[Date Prev][Date Next][Thread Prev][Thread Next][Date Index][Thread Index]
Re: [Monotone-devel] [Monotone-users] CAD versioning
From: |
Hendrik Boom |
Subject: |
Re: [Monotone-devel] [Monotone-users] CAD versioning |
Date: |
Fri, 13 Dec 2013 13:03:28 -0500 |
User-agent: |
Mutt/1.5.21 (2010-09-15) |
On Fri, Dec 13, 2013 at 06:16:01PM +0100, Thomas Moschny wrote:
> Hi Hugo,
>
> > Really?? It would be a surprise to me that monotone's delta algorithm
> > would only be efficient for text files, because I have been using
> > monotone for many years on images and pdf files without problem
> > regarding performance.
> >
> > I thought monotone uses xdelta, which is a binary delta algorithm that
> > facilitates binary merges that can be easily applied to both text and
> > non-text files.
> >
> > Am I right, or is monotone's delta algorithm only efficient for text
> > files?
>
> These are two different things. The fact that Monotone uses xdelta to
> efficiently store different versions of a file is an implementation
> detail, that is not (should not) be visible to the user (well, besides
> the fact that it saves disk storage).
>
> An automatic merging attempt on the other hand happens whenever there's
> a conflict for text files to be solved, and this merging attempt is
> line-based.
>
> Do not confuse them, they have nothing to do with each other.
>
> That said, if I remember correctly, one could hook in any other method
> for trying an automatic merge in case of a conflict on file contents,
> and that method could in theory also handle binary files (like zipped
> xml and the like).
Yes, exactly correct. Or at least, as I recall, too.
There is a merge hook. And it could be user-coded to check on file
type and subsequetly use the default merger, or any other,
The big question is whether custom mergers have been written for
particular file types. And whether they are easy to write. SOmetimes
a back-and-forth conversion to a more mergable file type is the best
remmedy.
But let me discuss how bad this can get,
There's trouble when merging files with large, heavily nested bracket
structures. The default line-by-line mechanism can end up with
mismatched brackets. Now this is no problem when processing, say, C
code, because the textrual level is the level at which human beings
intereat with the code in an editor, even though the compiler may barf.

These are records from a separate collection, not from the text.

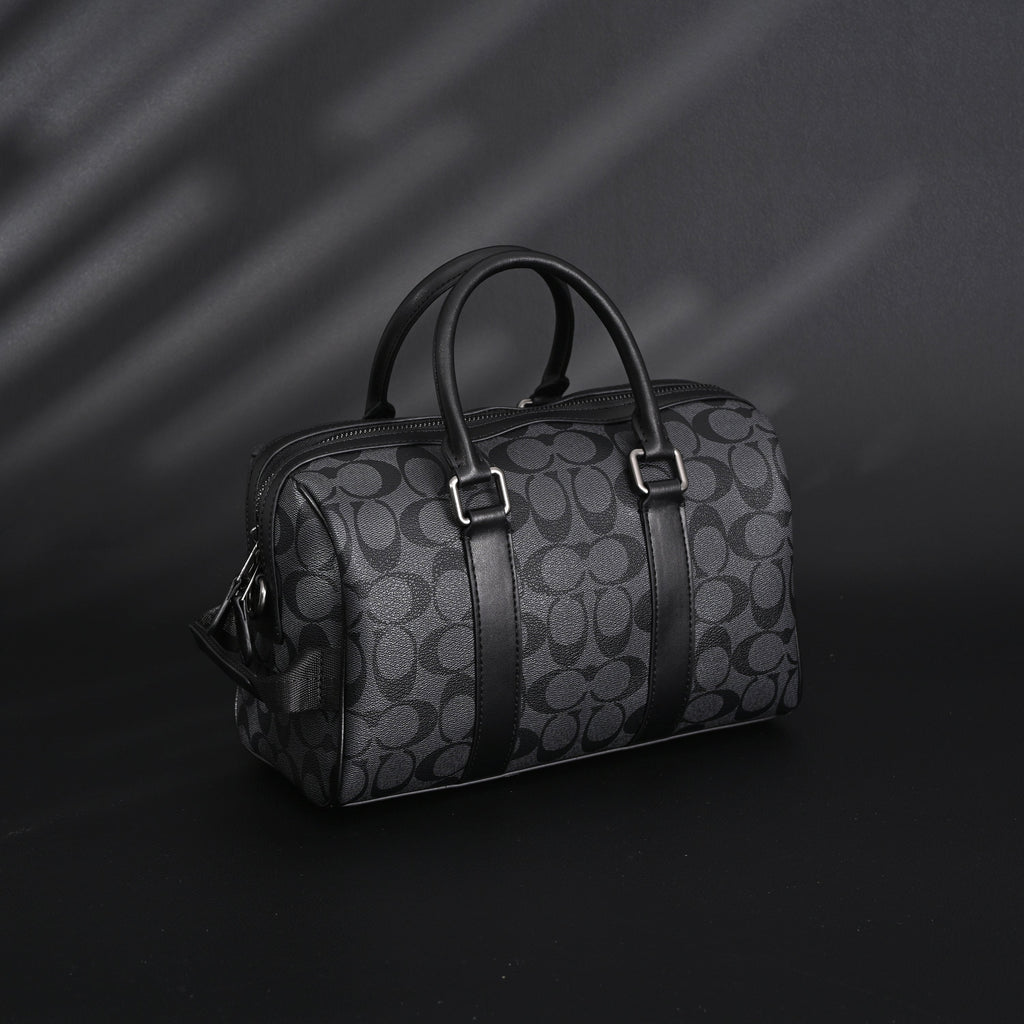 coach-signature-duffel-bag-black-monogram-canvas-with-leather-trim Handle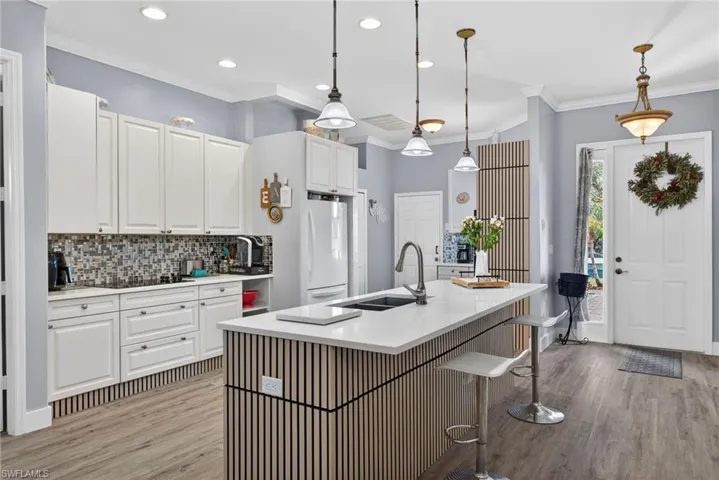 Kitchen with a kitchen breakfast bar, crown molding, white cabinetry, light wood finished floors, and pendant lighting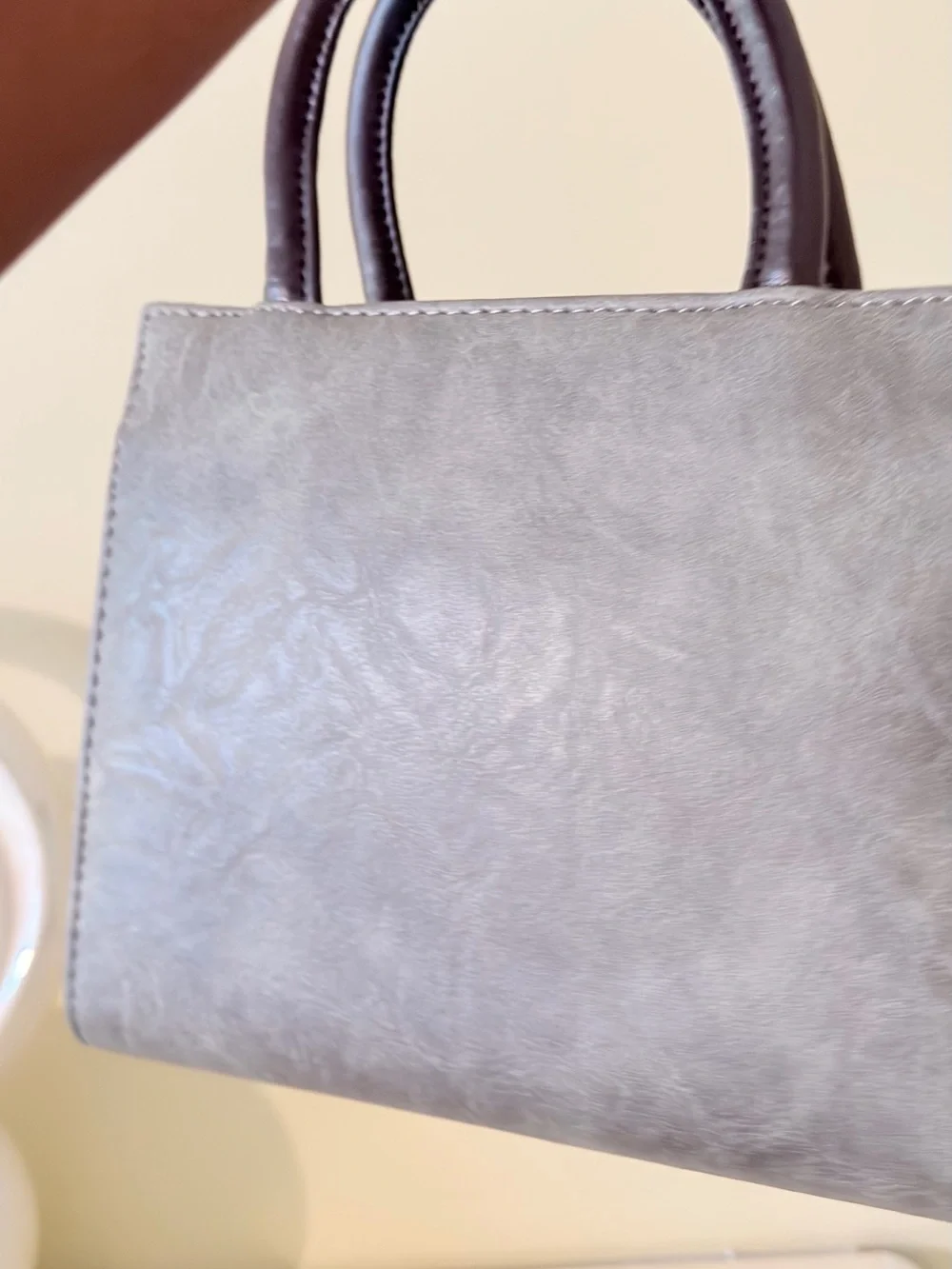Gray Suede Top-Handle Satchel with Pom Pom Charm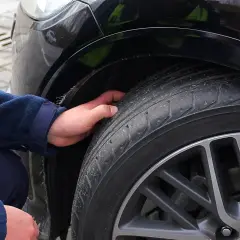 Dłoń sprawdza stan opony, która może być przyczyną drgań na kierownicy przy 120 km/h.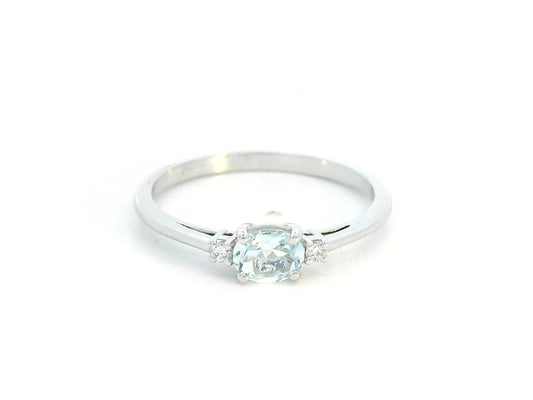 Minimalist oval aquamarine and diamond ring in 18K gold – March birthstone ring.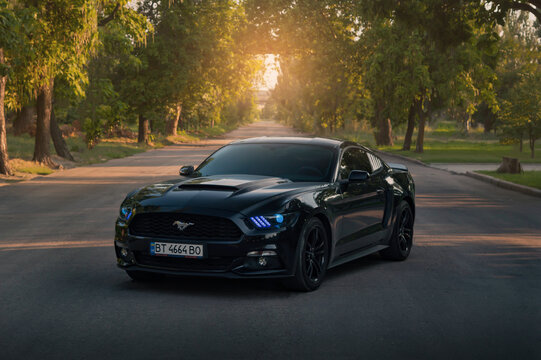 Kherson, Ukraine - July 2018. American muscle car Ford Mustang in a black color with blue headlights.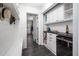 Well-lit hallway with white cabinets, black countertop, black slate tile, and a laundry area at 518 Morgan Creek Rd, Chapel Hill, NC 27517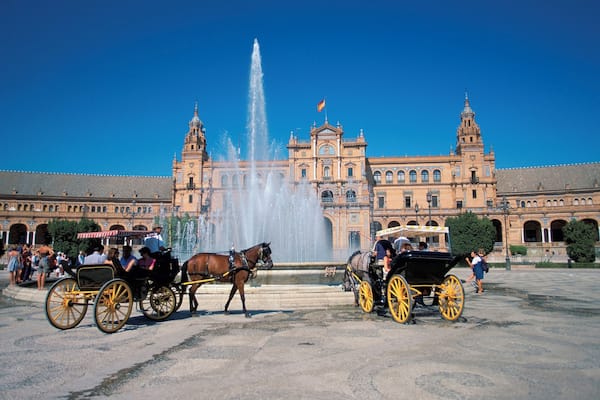Horse drawn carriage in front of a building, Plaza de Espana Square, Seville, Spain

But with syntactic trees that the user never sees, such as the
einormousy complicated word-processor data structures, when the word
processor barfs, the user is clueless.
The answer would seem to be to do write secialized merge tools that
respect brackets. This can be done, say for an XML file that consists
of a sequence of records (with one XML tag) containing fields (of
specific other XML tags) which may contain some further structure.
In other words, where every kind of entity has its own fixed place in
the nesting hierarchy, and they are normally kept in the same order.
But for bracketed tree structures where the nesting can vary, where you
cah, say, wrap an extra while loop around a bunch of statements, there
is no known efficient algorithm (at least the last time I looked;
anybody know better?).
The only solution as far as I can see to such situations is to change
the way that data structures are written to a file. Perhaps give every
possibly nested entity a unique ID, which you write out with the
entity to give the merge program something to synchronise on. Links to those
entities are then written by writing the unique ID.
The application software must then rigorously maintain these unique IDs
through processing, editing, and the like,
The application can then write all these entities out in, say,
alphabetial order.
Such a file would likely be very mergable.
Though you' may still have to worry about parts of the data structure
accidentally becoming becoming disconnected from the rest.
-- hendrik